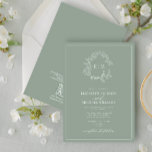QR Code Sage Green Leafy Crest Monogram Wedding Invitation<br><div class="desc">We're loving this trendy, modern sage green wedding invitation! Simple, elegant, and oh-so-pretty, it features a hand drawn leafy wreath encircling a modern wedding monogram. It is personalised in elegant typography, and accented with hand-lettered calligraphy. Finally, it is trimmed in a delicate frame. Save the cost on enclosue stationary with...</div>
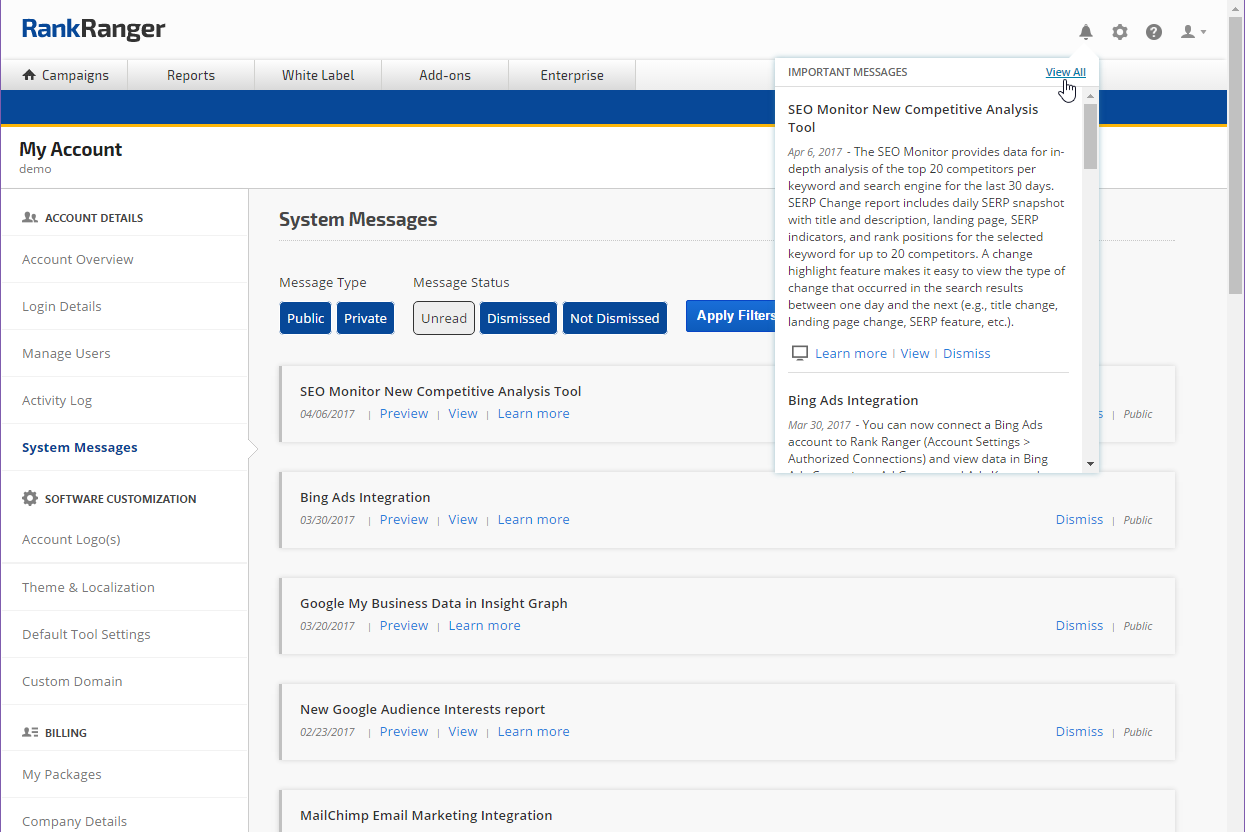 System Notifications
* * *
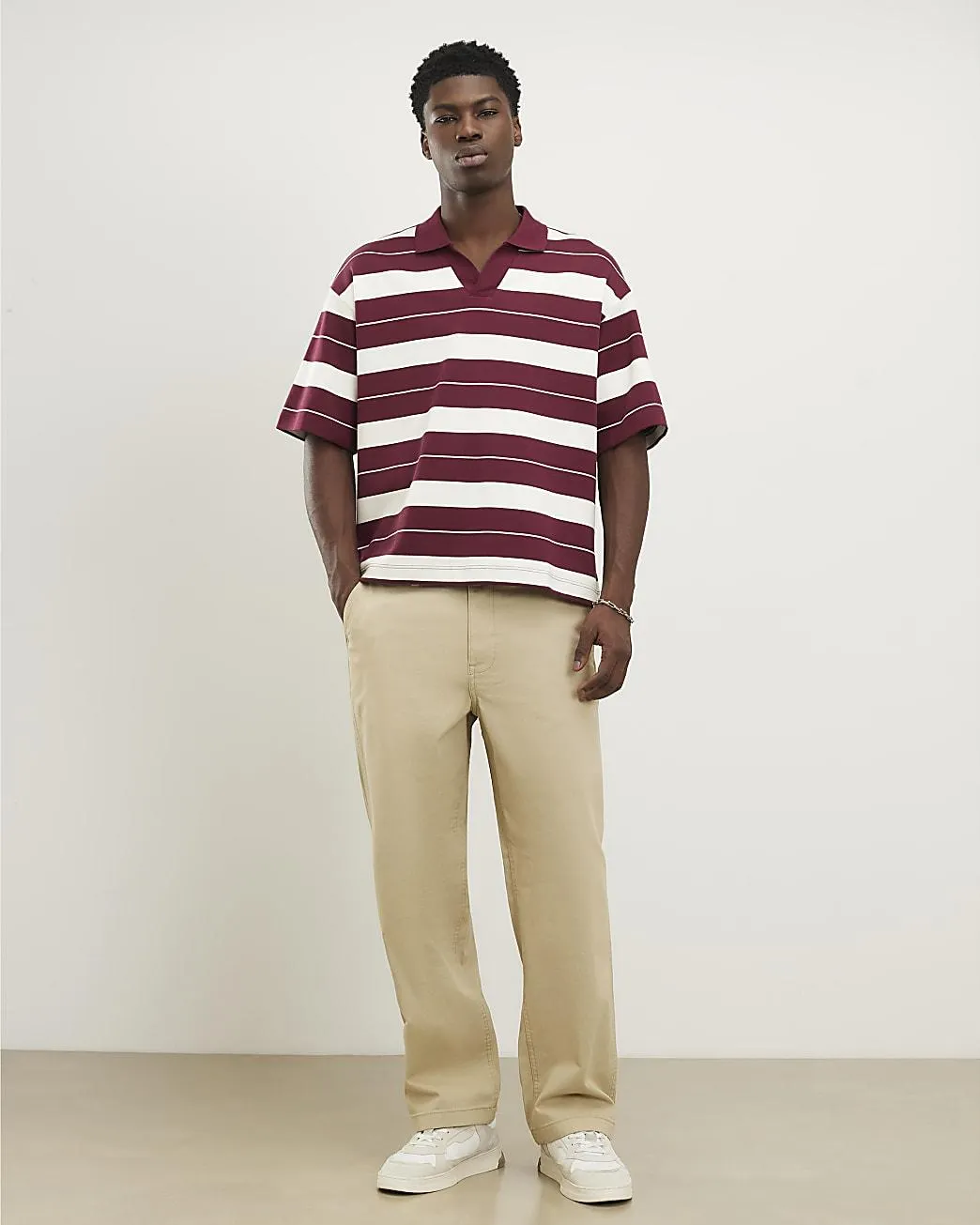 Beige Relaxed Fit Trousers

* _Your task_
Your copy should hold only the lines above from the one containing "QR Code Sage" through the one containing "System Notifications", exactly as written and free of pictures.

* _Completed task_
QR Code Sage Green Leafy Crest Monogram Wedding Invitation<br><div class="desc">We're loving this trendy, modern sage green wedding invitation! Simple, elegant, and oh-so-pretty, it features a hand drawn leafy wreath encircling a modern wedding monogram. It is personalised in elegant typography, and accented with hand-lettered calligraphy. Finally, it is trimmed in a delicate frame. Save the cost on enclosue stationary with...</div>
 System Notifications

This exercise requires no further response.